In addition to the tens of millions of views on Twitter, there are all the other millions on Instagram, Facebook, YouTube and TikTok.
Most of the major TV news networks, along with local affiliates, wanted to broadcast the video. News outlets from around the world reported on it. Artists painted Wynta-Amor. Muralists covered walls of buildings with her image. Musicians created video montages.
I was stunned. So was her mother, Lakyia Jackson.
People have asked why I think the video electrified the Twittersphere as it did. Two reasons, I believe: One, Wynta-Amor was such a dynamic figure — strong, fierce, brave. If a 7-year-old can bound into the street with such fervor, then any adult should be unafraid of protesting.
Many of the commentators on Twitter said she is inspirational. Indeed, she is.
At the same time, I believe the video was posted at precisely the right moment. There had been ugliness in the initial days of protests. So many demonstrations were beautiful expressions of free assembly. In others, however, buildings were burned, windows were smashed, and people were hurt.
As a nation, we needed a respite from many of the images we were seeing on our TV screens nightly.
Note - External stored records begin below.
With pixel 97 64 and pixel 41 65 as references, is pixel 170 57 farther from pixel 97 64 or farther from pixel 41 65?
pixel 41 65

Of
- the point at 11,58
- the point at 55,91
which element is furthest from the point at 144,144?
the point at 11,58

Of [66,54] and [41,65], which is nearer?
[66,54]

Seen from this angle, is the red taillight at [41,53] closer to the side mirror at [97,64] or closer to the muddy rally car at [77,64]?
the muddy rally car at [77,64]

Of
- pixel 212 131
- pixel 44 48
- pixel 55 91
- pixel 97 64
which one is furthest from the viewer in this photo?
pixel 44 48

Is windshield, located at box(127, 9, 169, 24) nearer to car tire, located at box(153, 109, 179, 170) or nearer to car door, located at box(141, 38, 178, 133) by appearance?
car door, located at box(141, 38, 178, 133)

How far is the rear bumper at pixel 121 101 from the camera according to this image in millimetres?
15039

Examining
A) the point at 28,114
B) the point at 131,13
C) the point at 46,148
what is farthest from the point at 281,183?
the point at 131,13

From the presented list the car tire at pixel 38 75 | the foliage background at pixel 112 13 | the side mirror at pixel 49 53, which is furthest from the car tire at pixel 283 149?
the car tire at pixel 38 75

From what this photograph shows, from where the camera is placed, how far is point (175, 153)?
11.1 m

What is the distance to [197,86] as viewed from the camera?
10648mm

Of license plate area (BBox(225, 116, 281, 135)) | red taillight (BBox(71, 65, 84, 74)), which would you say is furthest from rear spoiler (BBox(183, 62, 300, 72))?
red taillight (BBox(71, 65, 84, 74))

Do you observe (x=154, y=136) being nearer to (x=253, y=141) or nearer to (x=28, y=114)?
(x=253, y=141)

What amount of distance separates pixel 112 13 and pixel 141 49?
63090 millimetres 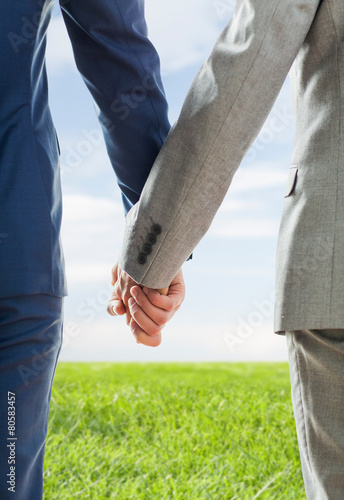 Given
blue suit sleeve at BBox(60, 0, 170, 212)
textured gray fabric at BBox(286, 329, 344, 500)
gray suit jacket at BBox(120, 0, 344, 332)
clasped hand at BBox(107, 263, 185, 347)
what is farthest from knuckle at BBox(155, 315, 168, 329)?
textured gray fabric at BBox(286, 329, 344, 500)

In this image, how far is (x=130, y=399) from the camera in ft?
13.1

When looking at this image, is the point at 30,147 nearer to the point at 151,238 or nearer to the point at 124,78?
the point at 151,238

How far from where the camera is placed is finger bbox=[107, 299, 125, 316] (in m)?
1.80

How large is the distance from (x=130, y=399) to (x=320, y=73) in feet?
10.6

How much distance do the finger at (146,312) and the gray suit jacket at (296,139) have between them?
1.40ft

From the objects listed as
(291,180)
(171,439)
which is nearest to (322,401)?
(291,180)

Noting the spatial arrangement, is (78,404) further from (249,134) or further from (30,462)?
(249,134)

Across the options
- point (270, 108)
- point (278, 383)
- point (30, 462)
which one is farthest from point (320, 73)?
point (278, 383)

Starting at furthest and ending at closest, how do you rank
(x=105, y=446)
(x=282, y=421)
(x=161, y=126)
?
(x=282, y=421)
(x=105, y=446)
(x=161, y=126)

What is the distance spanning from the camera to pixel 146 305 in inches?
66.1

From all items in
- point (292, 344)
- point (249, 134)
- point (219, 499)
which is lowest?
point (219, 499)

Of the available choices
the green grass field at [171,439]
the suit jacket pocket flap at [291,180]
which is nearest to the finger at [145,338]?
the suit jacket pocket flap at [291,180]

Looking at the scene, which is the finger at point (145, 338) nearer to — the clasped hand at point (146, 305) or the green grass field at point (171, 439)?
the clasped hand at point (146, 305)

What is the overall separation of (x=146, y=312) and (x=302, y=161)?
741 mm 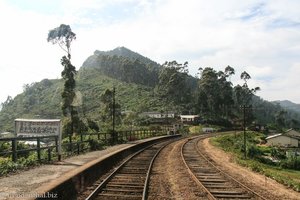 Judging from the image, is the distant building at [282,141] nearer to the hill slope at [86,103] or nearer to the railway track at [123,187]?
the hill slope at [86,103]

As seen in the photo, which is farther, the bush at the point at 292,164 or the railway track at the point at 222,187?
the bush at the point at 292,164

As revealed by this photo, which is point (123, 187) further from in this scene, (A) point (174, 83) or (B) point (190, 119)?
(A) point (174, 83)

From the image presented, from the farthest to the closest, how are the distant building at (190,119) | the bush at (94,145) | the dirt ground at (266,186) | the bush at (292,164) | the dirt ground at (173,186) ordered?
the distant building at (190,119) → the bush at (292,164) → the bush at (94,145) → the dirt ground at (266,186) → the dirt ground at (173,186)

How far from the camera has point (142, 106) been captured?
16288 centimetres

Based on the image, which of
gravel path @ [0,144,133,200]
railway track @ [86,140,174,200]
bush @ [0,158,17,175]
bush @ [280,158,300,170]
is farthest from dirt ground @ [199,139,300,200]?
bush @ [280,158,300,170]

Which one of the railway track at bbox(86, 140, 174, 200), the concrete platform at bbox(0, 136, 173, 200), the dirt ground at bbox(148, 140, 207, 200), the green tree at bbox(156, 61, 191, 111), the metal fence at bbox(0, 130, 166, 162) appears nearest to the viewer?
the concrete platform at bbox(0, 136, 173, 200)

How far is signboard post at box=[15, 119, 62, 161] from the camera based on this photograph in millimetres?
17812

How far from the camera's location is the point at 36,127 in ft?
58.7

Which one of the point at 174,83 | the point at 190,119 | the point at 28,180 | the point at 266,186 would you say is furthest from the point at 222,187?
the point at 174,83

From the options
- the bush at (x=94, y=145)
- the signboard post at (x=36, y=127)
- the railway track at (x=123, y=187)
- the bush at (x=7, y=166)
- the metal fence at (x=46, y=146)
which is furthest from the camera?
the bush at (x=94, y=145)

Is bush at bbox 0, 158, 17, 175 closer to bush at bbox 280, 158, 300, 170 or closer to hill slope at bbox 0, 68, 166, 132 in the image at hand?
bush at bbox 280, 158, 300, 170

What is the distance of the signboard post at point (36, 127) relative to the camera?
1781 centimetres

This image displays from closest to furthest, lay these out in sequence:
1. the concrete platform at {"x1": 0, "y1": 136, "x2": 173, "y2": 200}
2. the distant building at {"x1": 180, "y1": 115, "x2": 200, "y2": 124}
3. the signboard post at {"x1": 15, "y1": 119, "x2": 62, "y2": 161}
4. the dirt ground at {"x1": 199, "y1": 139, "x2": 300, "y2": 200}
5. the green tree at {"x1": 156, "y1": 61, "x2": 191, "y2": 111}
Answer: the concrete platform at {"x1": 0, "y1": 136, "x2": 173, "y2": 200} < the dirt ground at {"x1": 199, "y1": 139, "x2": 300, "y2": 200} < the signboard post at {"x1": 15, "y1": 119, "x2": 62, "y2": 161} < the distant building at {"x1": 180, "y1": 115, "x2": 200, "y2": 124} < the green tree at {"x1": 156, "y1": 61, "x2": 191, "y2": 111}

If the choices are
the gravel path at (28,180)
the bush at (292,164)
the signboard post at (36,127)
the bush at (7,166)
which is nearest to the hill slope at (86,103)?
the bush at (292,164) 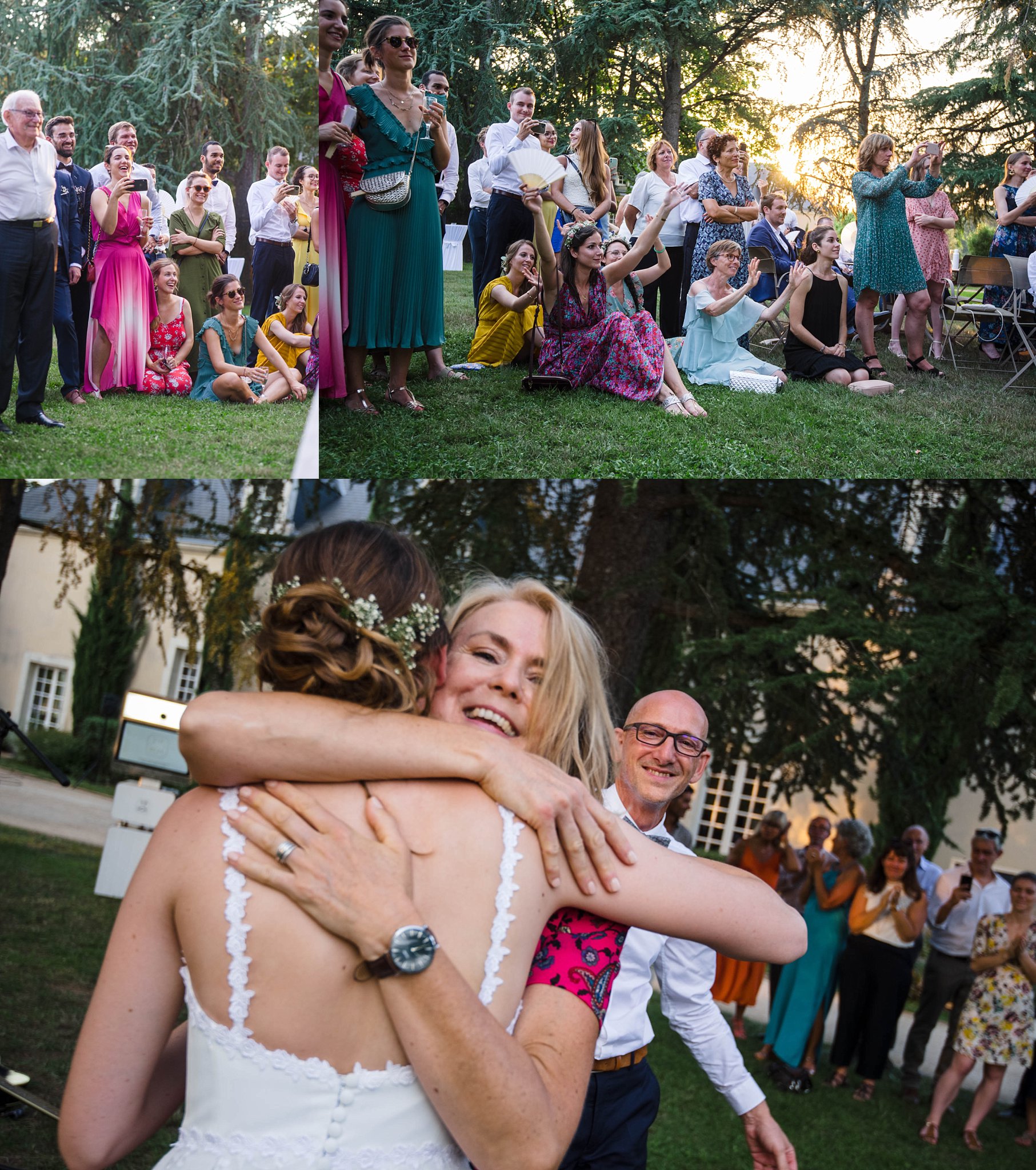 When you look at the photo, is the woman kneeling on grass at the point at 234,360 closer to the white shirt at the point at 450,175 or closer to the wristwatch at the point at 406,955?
the white shirt at the point at 450,175

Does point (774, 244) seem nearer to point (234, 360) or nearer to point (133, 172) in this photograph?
point (234, 360)

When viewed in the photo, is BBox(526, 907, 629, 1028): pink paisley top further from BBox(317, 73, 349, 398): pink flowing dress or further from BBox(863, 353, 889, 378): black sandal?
BBox(863, 353, 889, 378): black sandal

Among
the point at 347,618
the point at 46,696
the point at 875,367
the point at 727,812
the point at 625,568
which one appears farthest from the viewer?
the point at 46,696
Into that fray came Wynta-Amor, reminding us of what mattered — social justice. The image of her marching at breakneck pace down Babylon Turnpike in Merrick, reaching only the waists of the protesters around her, resonated because she helped us recall why we must maintain the peace — there are children in our midst.
That is why I believe she was described by many as a superhero — one artist even drew her as such. Her disarming personality and seemingly unbounded energy helped, in so many ways, to remind us as a nation of our central mission — creating a more peaceful world. And she telegraphed a critical message: We must build that world for the next generation and the generation after her.
As a journalist, I was happy and proud to play my small role in this international story by chronicling moments in time during protests here on Long Island, only miles from Hofstra. No doubt, I will have a great deal to share with my students in the fall semester.